[Start of Attachment]

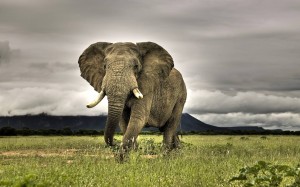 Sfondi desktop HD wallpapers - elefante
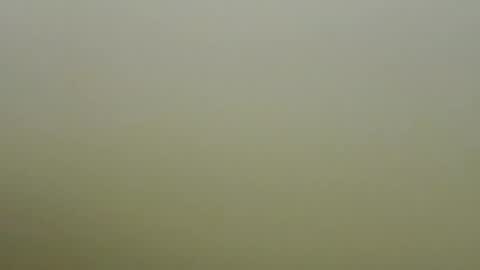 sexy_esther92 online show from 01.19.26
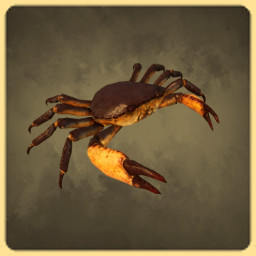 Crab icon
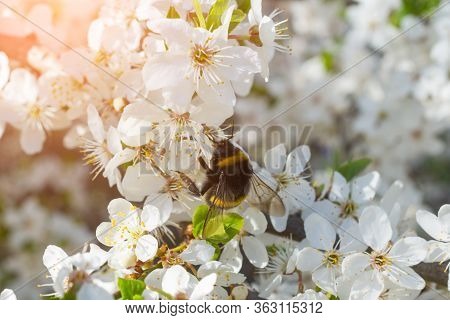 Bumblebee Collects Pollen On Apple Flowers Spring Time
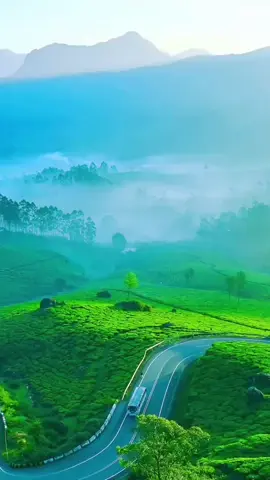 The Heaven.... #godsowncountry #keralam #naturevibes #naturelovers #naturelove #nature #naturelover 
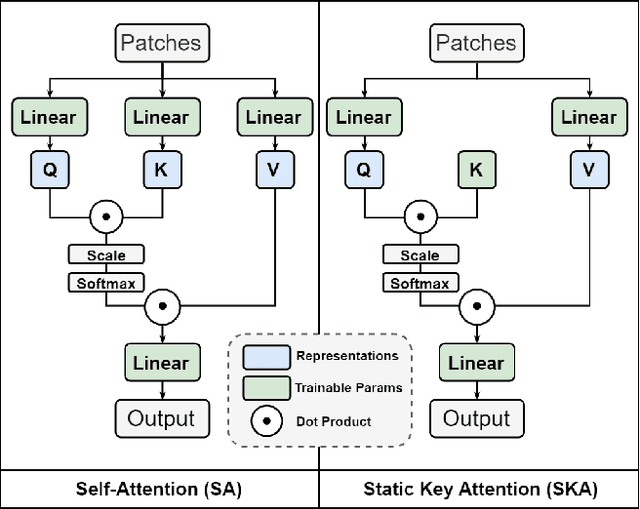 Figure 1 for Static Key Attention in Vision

[End of Attachment]
[Start of Attachment]

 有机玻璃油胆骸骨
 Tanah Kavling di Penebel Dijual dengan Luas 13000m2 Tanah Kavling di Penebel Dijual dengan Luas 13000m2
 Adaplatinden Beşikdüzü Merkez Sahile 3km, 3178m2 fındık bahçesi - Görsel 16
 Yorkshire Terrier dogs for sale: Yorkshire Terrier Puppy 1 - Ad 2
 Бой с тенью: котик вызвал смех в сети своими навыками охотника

[End of Attachment]

Go to the line above that contains "Sfondi desktop HD wallpapers - elefante" and reproduce everything exactly from there through the line that contains "Figure 1 for Static Key Attention in Vision", leaving out the pictures.

 Sfondi desktop HD wallpapers - elefante
 sexy_esther92 online show from 01.19.26
 Crab icon
 Bumblebee Collects Pollen On Apple Flowers Spring Time
 The Heaven.... #godsowncountry #keralam #naturevibes #naturelovers #naturelove #nature #naturelover 
 Figure 1 for Static Key Attention in Vision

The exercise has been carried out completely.